Enova’s purchase of OnDeck is a game-changer

Enova, launched in 2004 and owned for years by Cash America, a Fort Worth, Texas-based consumer lender, was formed in November 2014 with a value of approximately $ 840 million. New York-based OnDeck went public a month later at a market value of $ 1.3 billion. But it was Enova nearly six years later who picked up OnDeck, struggling to survive after the pandemic began, for just $ 90 million.
This combination transforms Enova into a leading profitable platform that provides internet lending to consumers and small businesses. Enova and OnDeck teamed up to create nearly $ 7 billion in loans last year.
Enova, which was started as a payday lender for cash-strapped consumers to cover the monthly expenses, is now the nation’s largest online small business lender. (Think of daycares, dry cleaners, cafes, and specialty food stores.) Today, his consumer business is much more about making installment loans for terms of up to five years rather than making installment loans for terms of up to five years. to payday loans that need to be repaid quickly. The company’s loan mix is now 60% small businesses and 40% consumers.
Usually, given what small businesses suffered during COVID, that wouldn’t be a good thing. But OnDeck’s credit quality has held up well so far. If this continues, David Fisher, CEO of Enova, believes the company is positioned for a bigger rebound than it otherwise would have been once the country emerges from a pandemic-induced crisis.

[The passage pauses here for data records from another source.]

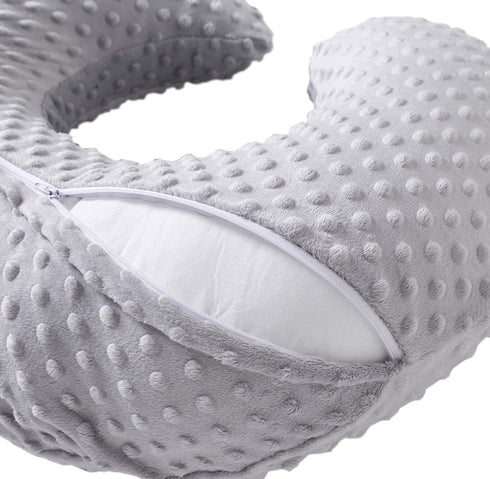 Plush Dot Nursing Pillow Cover - Gray Breastfeeding Slipcover
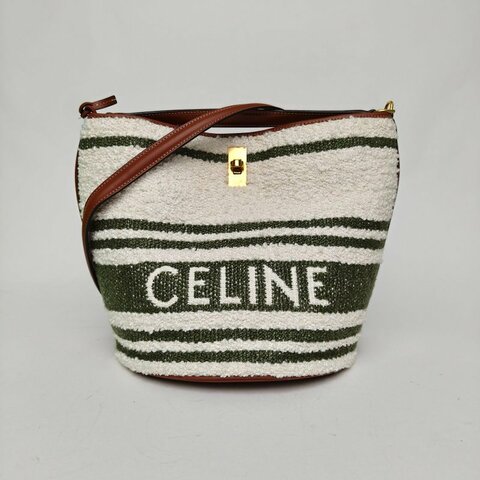 CELINE 拼色毛呢金扣CELINE賽琳16Bucket可拆卸拉鏈口袋可拆卸皮革肩帶織物拼光滑牛皮手提斜挎單肩包女款綠色/棕褐肩背包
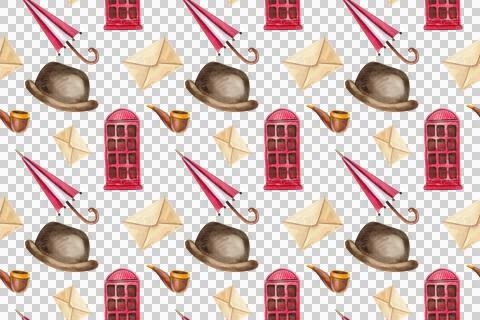 Seamless pattern. Collection of hand-painted watercolor elements Illustrazione stock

Recent news that vaccines in production have shown better than expected efficacy bodes well for small business lenders who are living until vaccines are widely available, likely in the second half of next year. Businesses that have tapped into all of their existing lines of credit just to survive will need loans to fully reopen and grow.
“This is why (vaccines) is very good news when you think about the growth of our small business products over the next six to 12 months,” Fisher says in an interview.
Seizing this opportunity, as most consumer finance companies have pulled out of lending, to grow so dramatically also gives Enova the ability to take advantage of the ladder when borrower demand returns in earnest. “This is largely the impetus behind the OnDeck deal,” he says. “Online, the scale makes a big difference.”
With OnDeck added, Enova now employs approximately 1,700 people, including 700 at headquarters in Chicago and another 200 in the Gurnee call center in the northern suburbs of Enova. OnDeck employees are in New York, with 250 others in Denver.
First of all, however. And that incorporates the biggest acquisition the 20s or more Fisher has made as CEO, both at Enova and at other companies.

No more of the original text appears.